Authentication however doesn't really have to do with CPA security. It is about ensuring that the ciphertext was created by a specific party holding the secret key. In other words it provides authenticity of the ciphertext (and therefore plaintext). Furthermore it ensures that the integrity of the plaintext after decryption (and possibly the ciphertext before decryption) is maintained; i.e. that the ciphertext wasn't altered by an attacker or damaged somehow. If not the verification of the authentication tag will fail.

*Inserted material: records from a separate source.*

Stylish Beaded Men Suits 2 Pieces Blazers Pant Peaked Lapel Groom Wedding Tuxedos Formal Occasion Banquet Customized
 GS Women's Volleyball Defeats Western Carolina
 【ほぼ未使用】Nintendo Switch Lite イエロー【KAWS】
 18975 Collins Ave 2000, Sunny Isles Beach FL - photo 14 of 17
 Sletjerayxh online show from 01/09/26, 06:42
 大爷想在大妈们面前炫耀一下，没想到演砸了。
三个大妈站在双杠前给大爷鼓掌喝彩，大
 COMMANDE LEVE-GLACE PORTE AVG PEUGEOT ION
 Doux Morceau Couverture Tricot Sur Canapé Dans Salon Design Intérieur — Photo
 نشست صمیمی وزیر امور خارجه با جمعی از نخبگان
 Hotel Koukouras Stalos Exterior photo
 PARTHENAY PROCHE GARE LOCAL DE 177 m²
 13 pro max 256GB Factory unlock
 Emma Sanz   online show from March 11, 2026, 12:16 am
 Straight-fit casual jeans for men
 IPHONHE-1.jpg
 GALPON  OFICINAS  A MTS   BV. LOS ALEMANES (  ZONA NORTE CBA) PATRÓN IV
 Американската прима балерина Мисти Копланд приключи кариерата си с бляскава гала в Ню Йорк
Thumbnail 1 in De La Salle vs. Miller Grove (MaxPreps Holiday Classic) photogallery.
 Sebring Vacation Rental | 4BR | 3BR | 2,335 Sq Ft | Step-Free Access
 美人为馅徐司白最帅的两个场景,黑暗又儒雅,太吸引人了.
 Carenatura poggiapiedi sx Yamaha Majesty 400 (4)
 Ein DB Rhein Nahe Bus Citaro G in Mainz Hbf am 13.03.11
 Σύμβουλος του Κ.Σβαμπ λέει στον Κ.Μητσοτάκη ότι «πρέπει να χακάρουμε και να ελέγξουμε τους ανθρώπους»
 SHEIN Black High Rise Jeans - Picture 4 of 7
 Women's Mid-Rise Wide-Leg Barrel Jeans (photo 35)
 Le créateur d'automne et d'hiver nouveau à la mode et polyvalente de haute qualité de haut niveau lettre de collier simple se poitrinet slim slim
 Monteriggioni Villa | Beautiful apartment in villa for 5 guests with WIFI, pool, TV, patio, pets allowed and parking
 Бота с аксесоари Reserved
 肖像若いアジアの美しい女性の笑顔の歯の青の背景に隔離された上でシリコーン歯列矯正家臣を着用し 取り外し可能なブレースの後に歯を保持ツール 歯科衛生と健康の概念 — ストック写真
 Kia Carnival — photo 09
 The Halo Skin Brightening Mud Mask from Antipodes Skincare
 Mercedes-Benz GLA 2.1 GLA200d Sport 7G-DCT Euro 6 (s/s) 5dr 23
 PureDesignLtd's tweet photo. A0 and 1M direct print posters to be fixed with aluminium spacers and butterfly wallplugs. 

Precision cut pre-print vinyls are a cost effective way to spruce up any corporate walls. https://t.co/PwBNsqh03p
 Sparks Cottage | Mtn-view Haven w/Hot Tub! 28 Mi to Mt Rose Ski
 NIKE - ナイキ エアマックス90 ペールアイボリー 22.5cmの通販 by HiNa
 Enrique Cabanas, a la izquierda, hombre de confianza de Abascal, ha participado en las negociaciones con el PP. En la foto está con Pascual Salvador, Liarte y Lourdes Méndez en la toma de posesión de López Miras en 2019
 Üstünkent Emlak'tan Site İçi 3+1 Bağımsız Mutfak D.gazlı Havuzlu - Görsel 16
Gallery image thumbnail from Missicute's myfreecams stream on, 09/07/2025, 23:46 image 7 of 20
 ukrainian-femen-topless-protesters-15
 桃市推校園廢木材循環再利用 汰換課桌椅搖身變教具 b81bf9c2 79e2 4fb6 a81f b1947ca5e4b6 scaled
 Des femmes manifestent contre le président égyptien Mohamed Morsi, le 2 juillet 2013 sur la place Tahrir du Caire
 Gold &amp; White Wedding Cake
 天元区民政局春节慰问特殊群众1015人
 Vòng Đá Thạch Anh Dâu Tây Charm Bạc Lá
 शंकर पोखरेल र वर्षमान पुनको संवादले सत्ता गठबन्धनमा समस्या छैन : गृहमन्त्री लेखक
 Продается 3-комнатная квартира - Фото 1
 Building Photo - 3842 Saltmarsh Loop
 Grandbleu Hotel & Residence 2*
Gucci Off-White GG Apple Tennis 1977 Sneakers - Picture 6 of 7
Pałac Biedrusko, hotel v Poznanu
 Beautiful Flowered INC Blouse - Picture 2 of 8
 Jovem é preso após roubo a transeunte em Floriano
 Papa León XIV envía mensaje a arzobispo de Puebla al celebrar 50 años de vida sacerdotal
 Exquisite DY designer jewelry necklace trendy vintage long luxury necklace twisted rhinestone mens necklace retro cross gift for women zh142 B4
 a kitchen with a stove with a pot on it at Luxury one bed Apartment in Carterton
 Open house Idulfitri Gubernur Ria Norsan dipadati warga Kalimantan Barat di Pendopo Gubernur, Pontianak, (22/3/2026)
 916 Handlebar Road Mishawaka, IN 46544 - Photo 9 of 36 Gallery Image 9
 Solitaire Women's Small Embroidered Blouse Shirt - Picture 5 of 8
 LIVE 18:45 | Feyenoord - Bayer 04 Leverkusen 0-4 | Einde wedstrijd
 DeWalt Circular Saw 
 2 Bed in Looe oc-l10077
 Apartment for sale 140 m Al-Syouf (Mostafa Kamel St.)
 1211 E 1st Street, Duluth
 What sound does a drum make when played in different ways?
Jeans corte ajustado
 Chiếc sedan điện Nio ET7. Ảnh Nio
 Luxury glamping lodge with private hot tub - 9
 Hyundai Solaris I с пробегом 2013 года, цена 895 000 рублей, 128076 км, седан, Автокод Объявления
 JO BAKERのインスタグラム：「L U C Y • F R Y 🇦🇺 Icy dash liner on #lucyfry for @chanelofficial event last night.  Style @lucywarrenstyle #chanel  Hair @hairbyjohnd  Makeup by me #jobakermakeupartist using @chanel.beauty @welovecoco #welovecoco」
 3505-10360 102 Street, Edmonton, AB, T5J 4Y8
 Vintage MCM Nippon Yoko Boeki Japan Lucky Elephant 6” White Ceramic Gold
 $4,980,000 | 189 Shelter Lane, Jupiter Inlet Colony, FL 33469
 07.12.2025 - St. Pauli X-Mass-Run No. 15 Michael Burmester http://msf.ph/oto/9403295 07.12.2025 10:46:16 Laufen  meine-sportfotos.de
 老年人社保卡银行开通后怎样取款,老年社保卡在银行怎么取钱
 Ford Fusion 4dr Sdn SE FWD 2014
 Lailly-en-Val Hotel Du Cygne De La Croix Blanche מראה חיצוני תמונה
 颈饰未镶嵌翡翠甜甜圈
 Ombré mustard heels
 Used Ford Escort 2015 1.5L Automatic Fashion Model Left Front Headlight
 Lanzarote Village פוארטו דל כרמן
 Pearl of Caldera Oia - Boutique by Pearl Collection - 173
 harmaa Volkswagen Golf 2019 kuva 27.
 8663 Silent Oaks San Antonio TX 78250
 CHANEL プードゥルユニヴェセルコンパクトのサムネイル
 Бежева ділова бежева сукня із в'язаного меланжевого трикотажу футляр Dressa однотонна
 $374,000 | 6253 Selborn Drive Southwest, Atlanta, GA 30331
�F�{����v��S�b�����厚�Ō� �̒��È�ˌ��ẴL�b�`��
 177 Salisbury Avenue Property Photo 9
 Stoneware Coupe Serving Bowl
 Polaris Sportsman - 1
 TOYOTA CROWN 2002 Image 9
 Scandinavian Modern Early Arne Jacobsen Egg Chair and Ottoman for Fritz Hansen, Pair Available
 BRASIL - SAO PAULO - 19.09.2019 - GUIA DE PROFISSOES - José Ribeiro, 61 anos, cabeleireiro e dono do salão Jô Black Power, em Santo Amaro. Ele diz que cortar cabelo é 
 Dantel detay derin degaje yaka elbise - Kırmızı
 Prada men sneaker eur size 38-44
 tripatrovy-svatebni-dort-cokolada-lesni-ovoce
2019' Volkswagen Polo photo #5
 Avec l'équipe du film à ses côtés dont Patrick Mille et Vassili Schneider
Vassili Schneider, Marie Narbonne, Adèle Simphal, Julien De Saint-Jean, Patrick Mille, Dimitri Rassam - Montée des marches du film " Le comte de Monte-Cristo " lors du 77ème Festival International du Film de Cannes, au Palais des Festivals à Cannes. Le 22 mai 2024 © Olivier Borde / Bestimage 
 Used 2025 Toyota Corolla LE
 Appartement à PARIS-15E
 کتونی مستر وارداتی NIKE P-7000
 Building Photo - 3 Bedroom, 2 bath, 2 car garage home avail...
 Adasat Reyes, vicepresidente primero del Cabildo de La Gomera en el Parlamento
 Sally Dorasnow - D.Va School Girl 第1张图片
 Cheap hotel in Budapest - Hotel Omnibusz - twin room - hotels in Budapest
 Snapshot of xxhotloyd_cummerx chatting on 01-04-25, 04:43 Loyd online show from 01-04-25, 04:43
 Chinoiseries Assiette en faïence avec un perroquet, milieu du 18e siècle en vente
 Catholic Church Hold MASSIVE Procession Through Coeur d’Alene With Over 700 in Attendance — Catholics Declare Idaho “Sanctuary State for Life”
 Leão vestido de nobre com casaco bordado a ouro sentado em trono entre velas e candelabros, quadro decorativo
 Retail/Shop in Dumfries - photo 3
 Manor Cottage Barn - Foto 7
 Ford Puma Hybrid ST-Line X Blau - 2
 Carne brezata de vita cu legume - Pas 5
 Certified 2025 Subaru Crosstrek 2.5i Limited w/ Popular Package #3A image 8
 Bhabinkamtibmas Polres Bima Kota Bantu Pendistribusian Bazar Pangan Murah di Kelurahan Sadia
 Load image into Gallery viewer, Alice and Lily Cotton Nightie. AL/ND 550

DAE differs with ECB in the sense that ECB doesn't provide authenticity or integrity of the ciphertext (if multiple blocks of plaintext are encrypted anyway). Furthermore ECB mode leaks information if identical plaintext blocks are encrypted. SIV mode on the other hand calculates an IV using the entire input. Even if just a single bit of plaintext is different the entire ciphertext will be indistinguishable from ciphertexts created from previous plaintexts.

This matters if you for instance wrap a large set of keys that do not encode to fully randomized blocks of data. Take for instance an RSA private CRT key, which consists of many numbers. Usually these are encoded, including the public modulus. It could well be that the same block contains only one byte of a private value. If you have many of those blocks then you will find duplicates, leaking information about the RSA private key. Horrible practices such as wrapping RSA keys using only ECB or CBC (using a zero-valued IV) are pretty wide spread.